Phillips v. Croft

42 Ala. 477 | Ala. | 1868

JUDGE, J.

In the present aspect of this case, we do not deem it necessary to decide the question, whether the equity of- redemption of a ward, in real estate, may be sold, under a decree of the probate court, in a proceeding under § 2027 of the Code, or under the act of 1851-52, p. 84 ; but proceed to the consideration of the main question involved, which is as to the sufficiency of the evidence to authorize the deed, (absolute on its face,) of Ira E. Croft to Clarissa Croft, to be established as a mortgage.

It is well settled in this State, that when the right of *478redemption, in such a case, is denied by the answer — the answer being under oath and the oath not waived — a court of equity will not treat the conveyance as a mortgage, “unless the proofs are clear, consistent, and convincing, that it was not an absolute purchase, and that the object of the transaction, in its original construction, as understood by both parties, was to create a security for money.”— (West and Wife v. Hendrix, 28 Ala. 226; see, also, Harris v. Miller, 30 Ala. 221.; Sewell v. Price’s Administrator, 32 Ala. 97.)

To overcome the denials of the answer in this case, the appellant relies upon the evidence of Martin Williams, Jas. Morgan, Jesse T. Campbell, and L. V. Musgrove.

Williams testified, in effect, that he was present in April or May, 1856, when appellant tendered to the grantee the money she had paid to the grantor as the consideration for the conveyance, and demanded a re-conveyance of the title; and that the grantee said, “ she did not want the money, and that if appellant got the land, he would get it by law.
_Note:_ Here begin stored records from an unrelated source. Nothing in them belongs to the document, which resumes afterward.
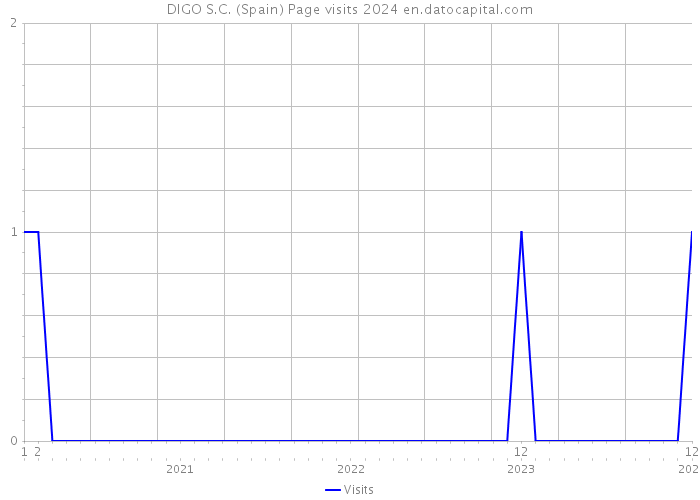 DIGO S.C. (Spain) Page visits 2024 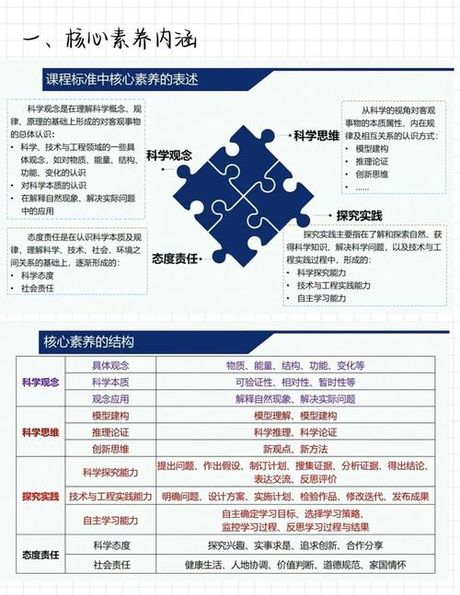 融会贯通：掌握科学素养的关键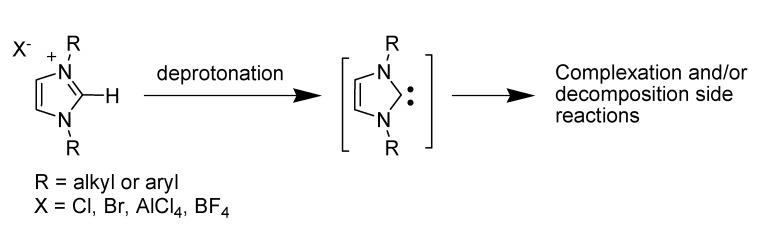 Scheme 3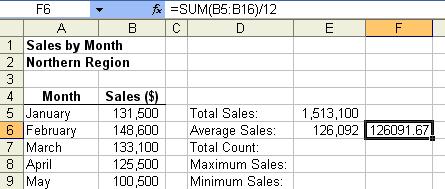 Note that the average value can also be calculated using the SUM function and dividing the value by 12 (or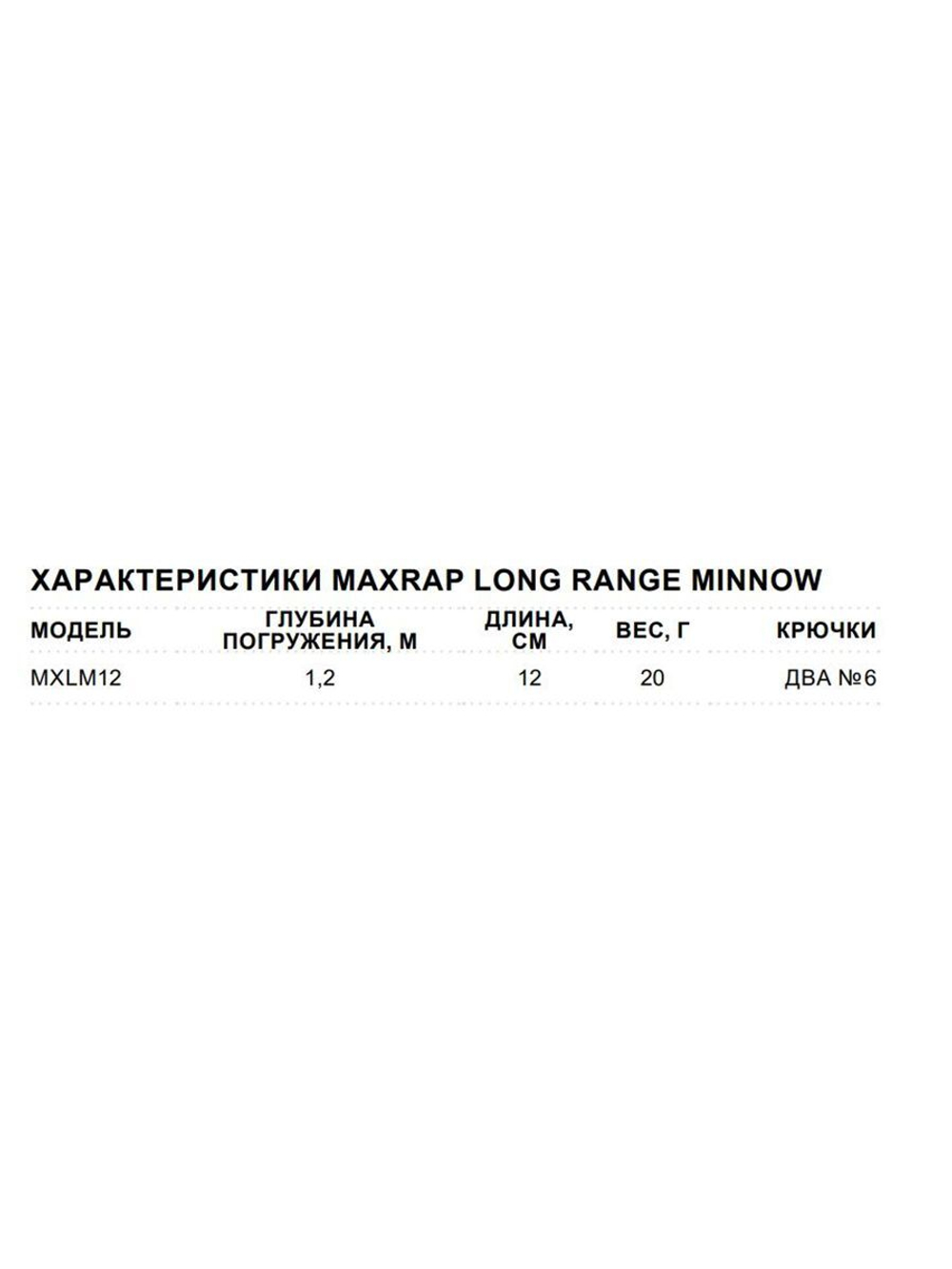 Воблер MaxRap Long Range Minnow 12, 12см, 20гр, цвет FRH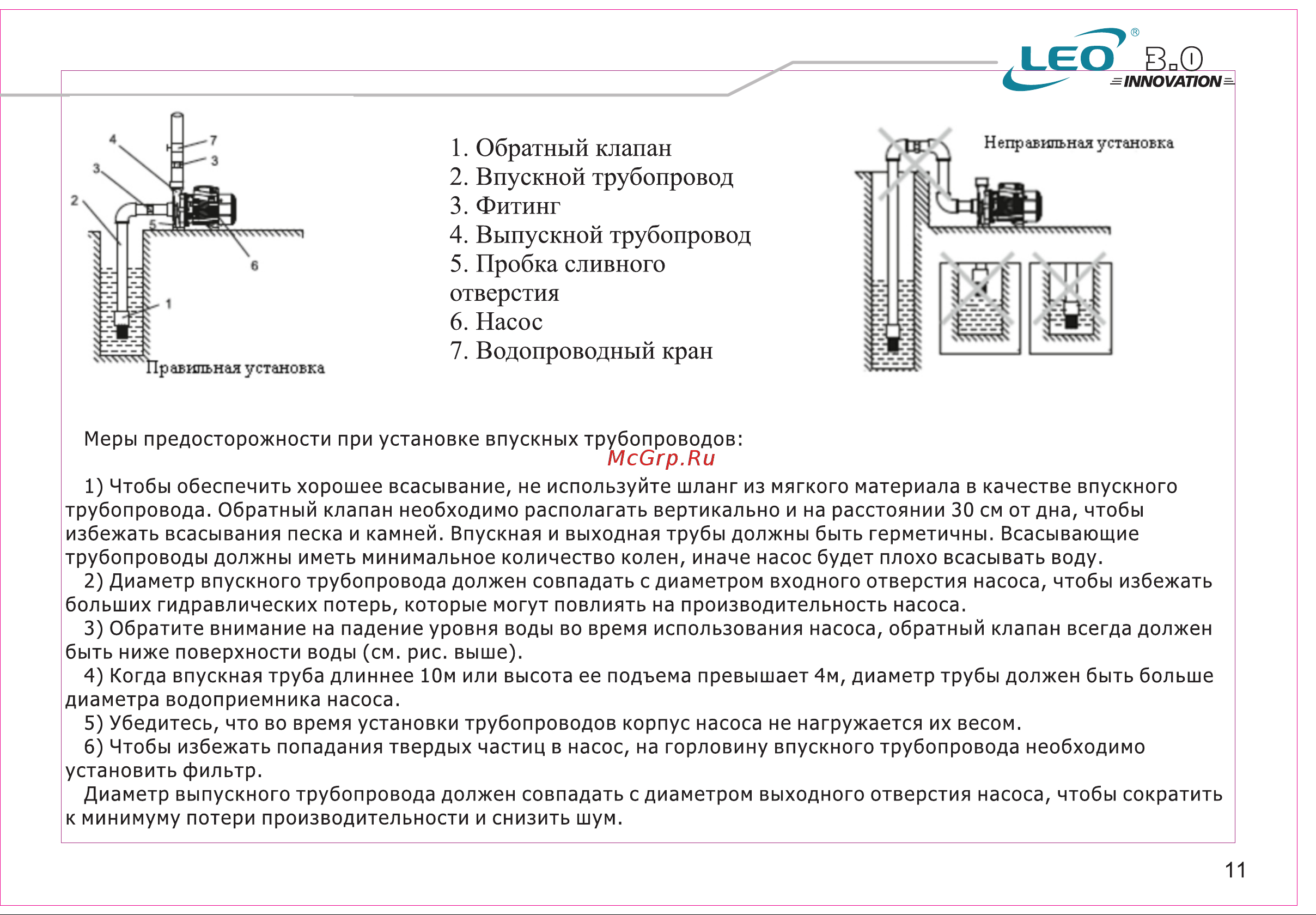 LEO 4ECm80 [13/23] Обратный клапан 2 впускной трубопровод 3 фитинг 4 выпускной трубопровод 5 пробка сливного отверстия 6 насос 7 водопроводный кран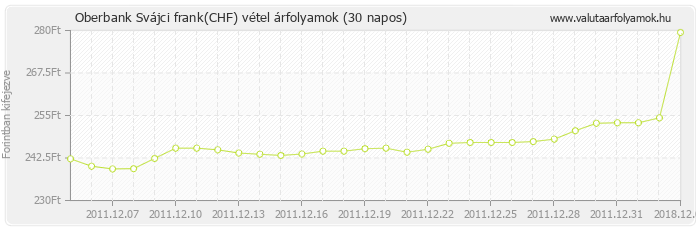 Svájci frank (CHF) - Oberbank valuta vétel 30 napos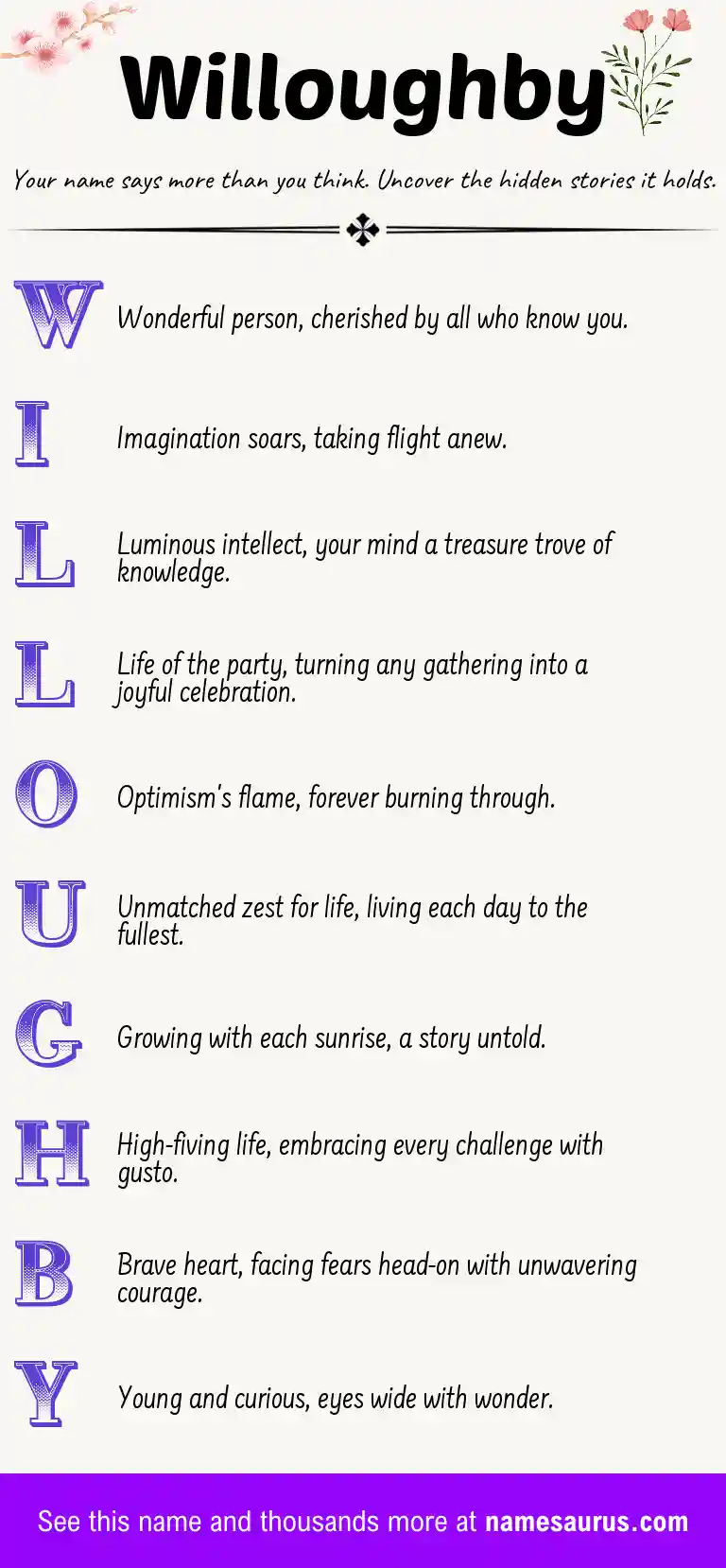 Acrostic poem about Willoughby.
She further stated that she was to make Ira E. Croft a title to the land when she got the money she had loaned him.”

Morgan, who was present on the same occasion, testified that the grantee said, “ she would not have the money, and if he (appellant) ever got the land, he would get it by law; though she said it had always been the contract with her and Ira Croft, that when she got her money, she was to make him a title.”
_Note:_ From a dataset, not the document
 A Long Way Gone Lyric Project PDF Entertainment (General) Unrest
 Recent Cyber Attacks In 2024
Campbell, who acted as one of the appraisers of the estate of Ira E. Croft, says, that at the time of the appraisement, the grantee said, “ she would not let the land be sold unless she got her money.”

Musgrove was examined twice. His first examination occurred on the 6th of August, 1858. The 6th interrogatory-in-chief, to him propounded, asked him to state all he knew about the deed in controversy, and to state all he heard either of the parties say about it; and whether it was regarded by the parties as a deed absolute, or only in the nature of a mortgage ? The 6th cross-interrogatory to him was, in effect, that if he should say the deed was *479regarded as a mortgage, to state by whom it was so regarded, and to state the facts upon which he based his conclusion ? In response to the interrogatory-in-chief, the witness said, “I know nothing of any deed from Ira E. Croft to Clarissa, more than what Ira E. Croft told me, and that was that Clarissa had a deed to the land, and Clarissa also told me that she held a deed. I do not know what kind of a deed it was considered by the parties.” And in answer to the cross-interrogatory, he said: “ I do not know how said deed was regarded by the parties, though I heard Clarissa say that if Ira E. Croft had paid back the money he borrowed of her before his death, she would have let him have the land back, or something to that effect.” On the re-examination of this witness, which occurred on the 20th of August, 1862, (more than four years after his first examination,) in response to an interrogatory-in-chief calling for the declarations of the grantee, the witness said: “ She told me that she acknowledged it was a mortgage deed to Martin M. Phillips, in the presence of Martin Williams and James Morgan. I told her that she ought not to acknowledge to any living person that it was a mortgage deed, and she said all she wanted was money. She demanded gold or silver from him. I told her that they would gain the land by her acknowledging it was a mortgage deed.” In answer to a cross-interrogatory on the same examination, the witness said, these declarations were made “ at James Croft’s house, a few minutes after he, Martin M. Phillips, left, and had tendered her the money.”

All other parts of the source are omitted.